(Given entries)

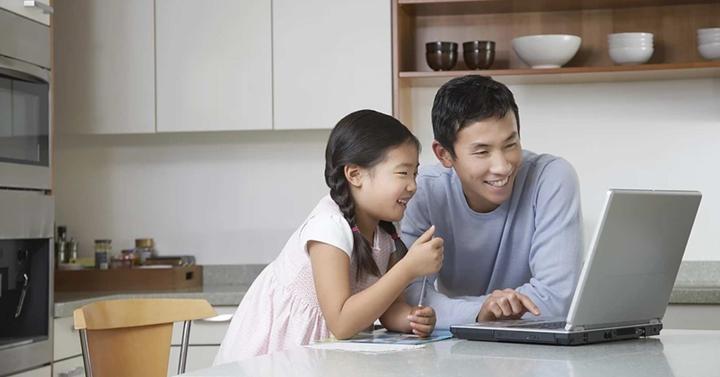 Metode Pendidikan Anak Metode Bercerita Atau Story Telling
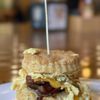 Maple Street Biscuit Company - DT Greenville gift card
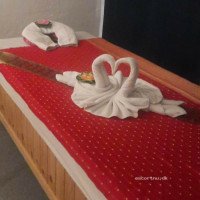 Fredericia den bedste Thai Massage. 😊NY ADRESSE 😊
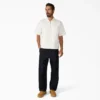 Cadiz Quarter-Zip Shirt Cadiz Quarter-Zip Shirt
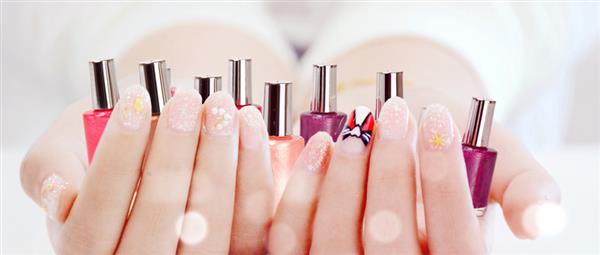 濟(jì)寧學(xué)習(xí)美甲專業(yè)推薦哪所學(xué)校？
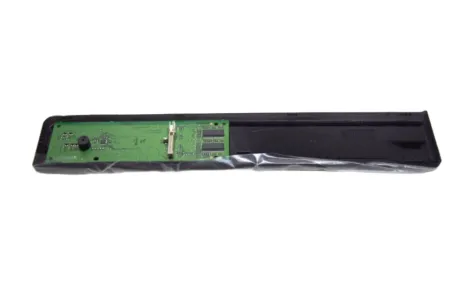 Панель кнопок JC96-04533C | JC92-01892A для Samsung SCX-4500 (О)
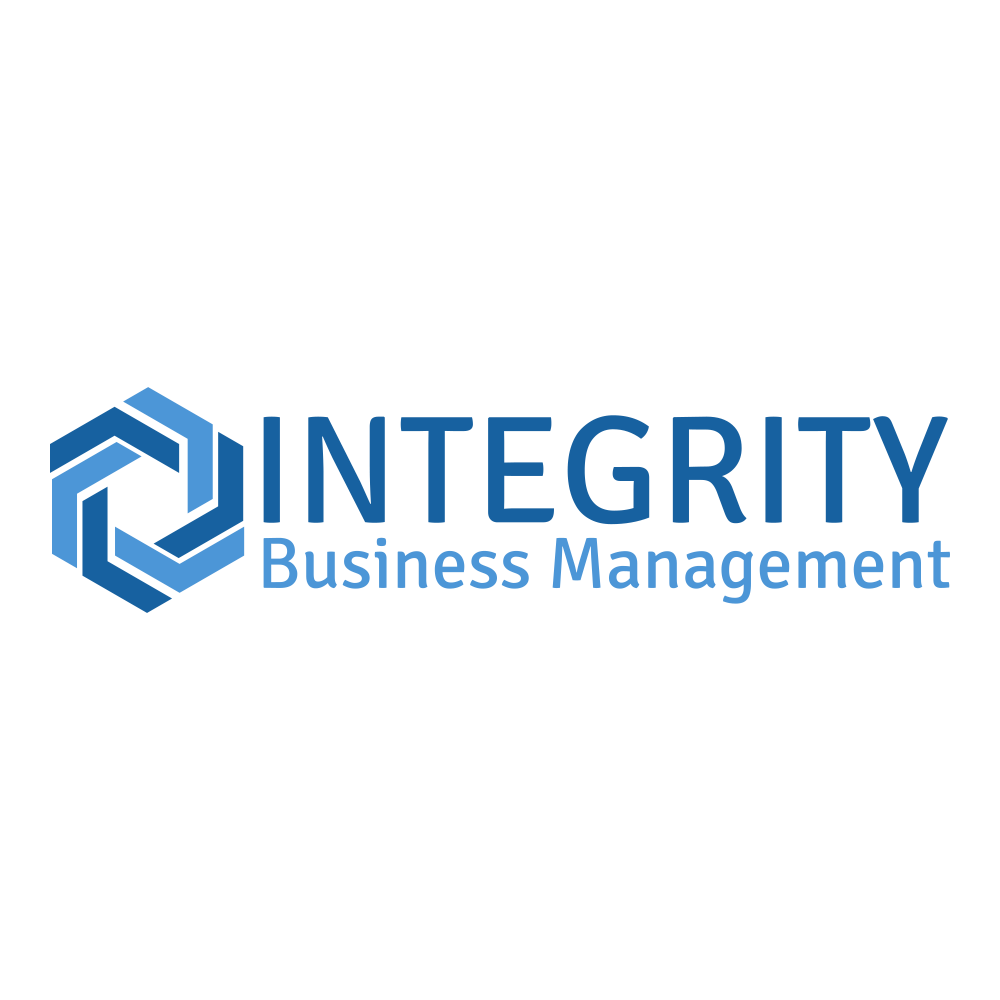 Integrity Business Management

(End Given entries)

Exercise instructions: Copy every record exactly as written, leaving out the pictures.

Reply to the task:
 Metode Pendidikan Anak Metode Bercerita Atau Story Telling
 Maple Street Biscuit Company - DT Greenville gift card
 Fredericia den bedste Thai Massage. 😊NY ADRESSE 😊
 Cadiz Quarter-Zip Shirt Cadiz Quarter-Zip Shirt
 濟(jì)寧學(xué)習(xí)美甲專業(yè)推薦哪所學(xué)校？
 Панель кнопок JC96-04533C | JC92-01892A для Samsung SCX-4500 (О)
 Integrity Business Management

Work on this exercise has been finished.